• **Data for processing**

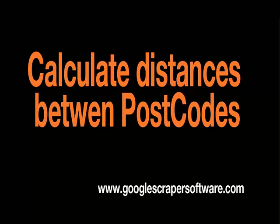Hey everybody, this is Vinny. If you're watching this, you've probably been tasked with calculating the distance and driving time between different British postcodes.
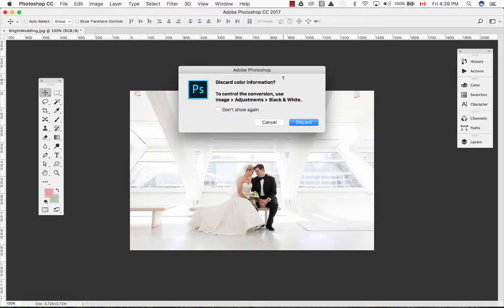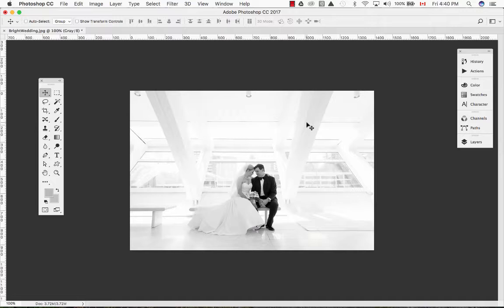A popup box will open asking you if you want to discard this information. If you hit discard, all color information will be discarded. And there you have it — a grayscale image from an RGB image.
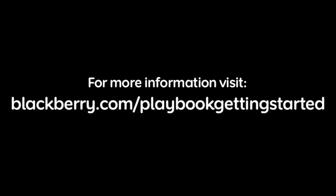For more information, please visit blackberry.com/playbookgettingstarted.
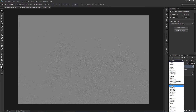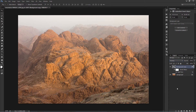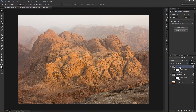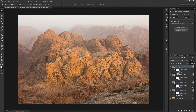Change the blending mode from Normal to Overlay. Then duplicate the high pass layer multiple times to see a sharper and clearer image.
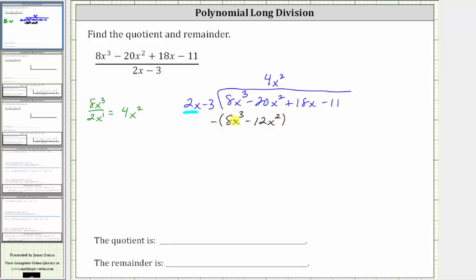Now we subtract. Instead of subtracting, it's easier to add the opposite, which means we change this to addition as long as we change the signs of the terms — negative 8x cubed and positive 12x squared. Adding 8x cubed plus negative 8x cubed is zero, and negative 20x squared plus 12x squared is negative 8x squared.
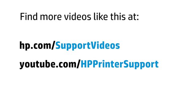You can find additional helpful videos at hp.com/supportvideos and on our YouTube channel, youtube.com/HPprintersupport.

• **Your assignment**
Every line above between the one containing "For more information, please" and the one containing "Now we subtract.", those two included, is to be printed exactly. No pictures go into the copy.

• **Task solution**
For more information, please visit blackberry.com/playbookgettingstarted.
Change the blending mode from Normal to Overlay. Then duplicate the high pass layer multiple times to see a sharper and clearer image.
Now we subtract. Instead of subtracting, it's easier to add the opposite, which means we change this to addition as long as we change the signs of the terms — negative 8x cubed and positive 12x squared. Adding 8x cubed plus negative 8x cubed is zero, and negative 20x squared plus 12x squared is negative 8x squared.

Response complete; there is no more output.